Please copy out the entries below exactly, beginning with the line that contains "Dolce Terra" and ending with the line that contains "Federbein vorne rechts", and include nothing outside that span.

::: RECORDS FOR PROCESSING

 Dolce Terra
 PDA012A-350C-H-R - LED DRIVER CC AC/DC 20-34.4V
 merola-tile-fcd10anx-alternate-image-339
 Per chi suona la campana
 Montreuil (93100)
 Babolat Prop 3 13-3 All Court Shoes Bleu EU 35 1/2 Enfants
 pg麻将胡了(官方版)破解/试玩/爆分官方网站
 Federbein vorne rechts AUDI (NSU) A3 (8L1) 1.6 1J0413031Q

::::::
::: RECORDS FOR PROCESSING

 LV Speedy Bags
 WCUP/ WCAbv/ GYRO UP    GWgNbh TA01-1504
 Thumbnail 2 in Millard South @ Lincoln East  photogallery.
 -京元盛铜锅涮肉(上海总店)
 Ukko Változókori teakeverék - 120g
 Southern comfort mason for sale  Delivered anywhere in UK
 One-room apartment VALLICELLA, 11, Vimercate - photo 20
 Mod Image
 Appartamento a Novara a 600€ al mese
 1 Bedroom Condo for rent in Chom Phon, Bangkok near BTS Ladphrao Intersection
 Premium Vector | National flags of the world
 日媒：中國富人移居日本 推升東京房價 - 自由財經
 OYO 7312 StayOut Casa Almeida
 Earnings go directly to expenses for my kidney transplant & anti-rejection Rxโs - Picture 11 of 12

::::::
::: RECORDS FOR PROCESSING

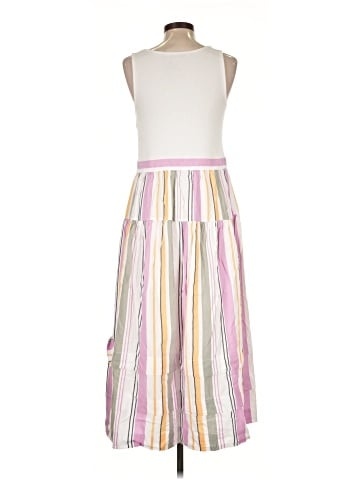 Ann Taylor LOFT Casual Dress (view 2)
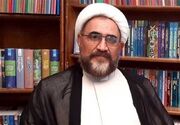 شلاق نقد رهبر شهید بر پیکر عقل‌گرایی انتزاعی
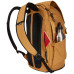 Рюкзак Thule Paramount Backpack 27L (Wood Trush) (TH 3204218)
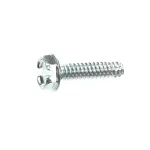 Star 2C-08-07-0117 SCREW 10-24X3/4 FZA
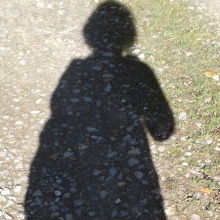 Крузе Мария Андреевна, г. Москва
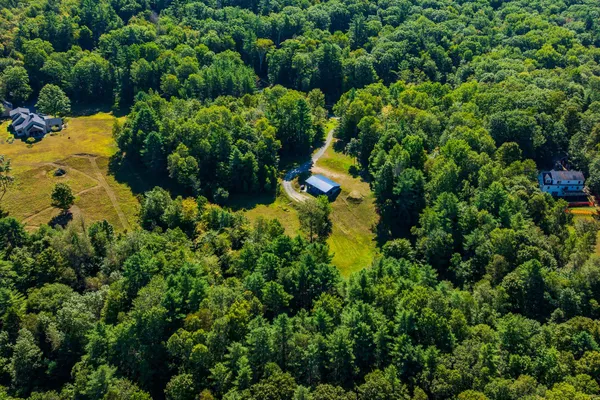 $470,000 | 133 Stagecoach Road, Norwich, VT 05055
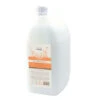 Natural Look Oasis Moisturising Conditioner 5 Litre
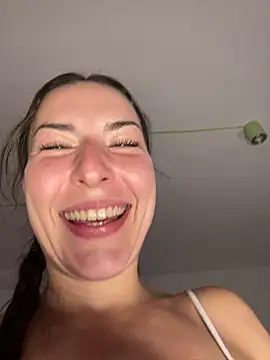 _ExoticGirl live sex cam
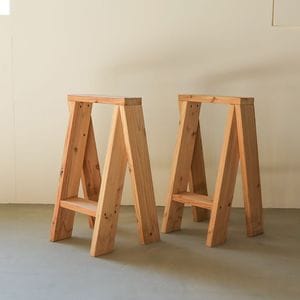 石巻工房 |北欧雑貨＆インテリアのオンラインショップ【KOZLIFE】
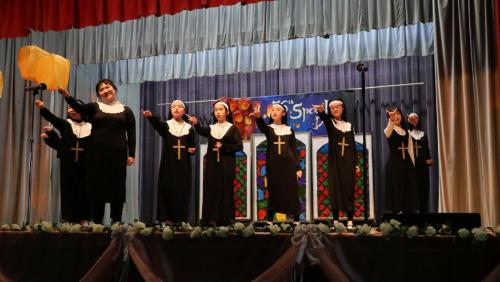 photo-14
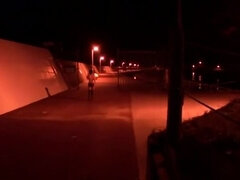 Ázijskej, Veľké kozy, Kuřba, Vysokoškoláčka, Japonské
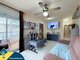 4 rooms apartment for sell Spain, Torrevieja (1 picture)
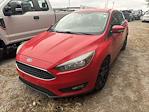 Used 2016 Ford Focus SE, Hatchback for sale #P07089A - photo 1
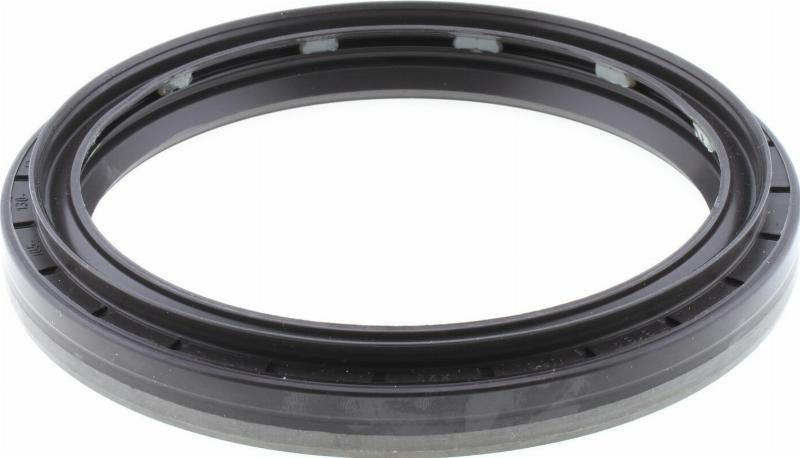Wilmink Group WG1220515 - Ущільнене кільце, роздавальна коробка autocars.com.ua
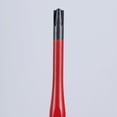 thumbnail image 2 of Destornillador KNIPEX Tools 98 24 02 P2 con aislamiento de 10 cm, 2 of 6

::::::

## SOLUTION
 Dolce Terra
 PDA012A-350C-H-R - LED DRIVER CC AC/DC 20-34.4V
 merola-tile-fcd10anx-alternate-image-339
 Per chi suona la campana
 Montreuil (93100)
 Babolat Prop 3 13-3 All Court Shoes Bleu EU 35 1/2 Enfants
 pg麻将胡了(官方版)破解/试玩/爆分官方网站
 Federbein vorne rechts AUDI (NSU) A3 (8L1) 1.6 1J0413031Q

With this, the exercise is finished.